++++ Data for review ++++

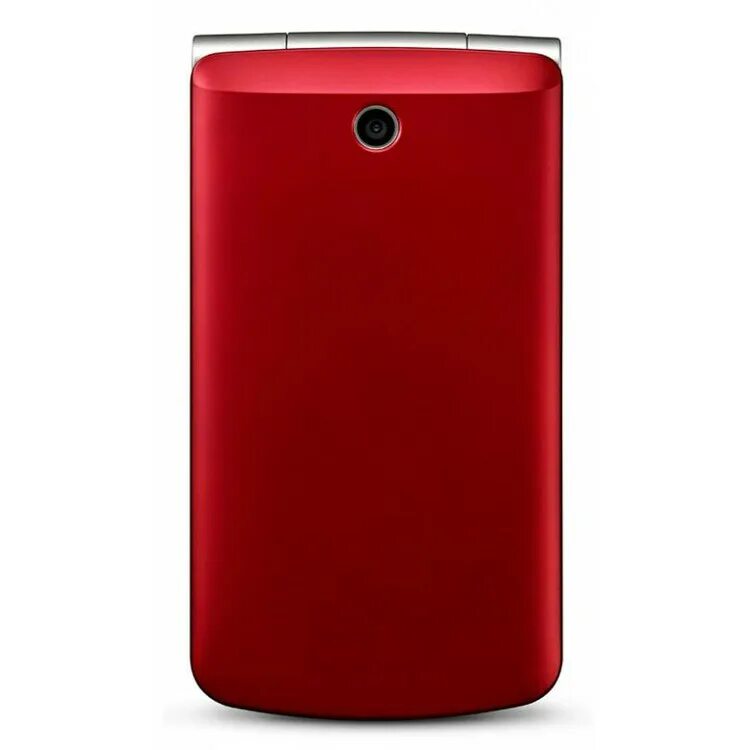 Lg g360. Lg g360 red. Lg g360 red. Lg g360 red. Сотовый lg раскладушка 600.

++++
++++ Data for review ++++

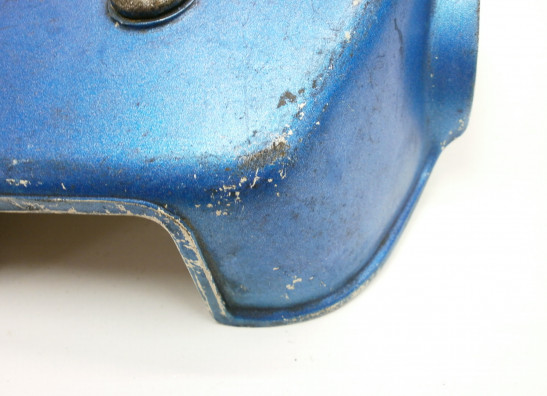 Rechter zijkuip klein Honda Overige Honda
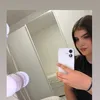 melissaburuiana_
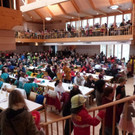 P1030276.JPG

++++

### Required action:
Look above for the line with "Rechter zijkuip klein Honda Overige Honda", then give again exactly every line from there through the line with "P1030276.JPG", skipping the pictures.

### Solution:
 Rechter zijkuip klein Honda Overige Honda
 melissaburuiana_
 P1030276.JPG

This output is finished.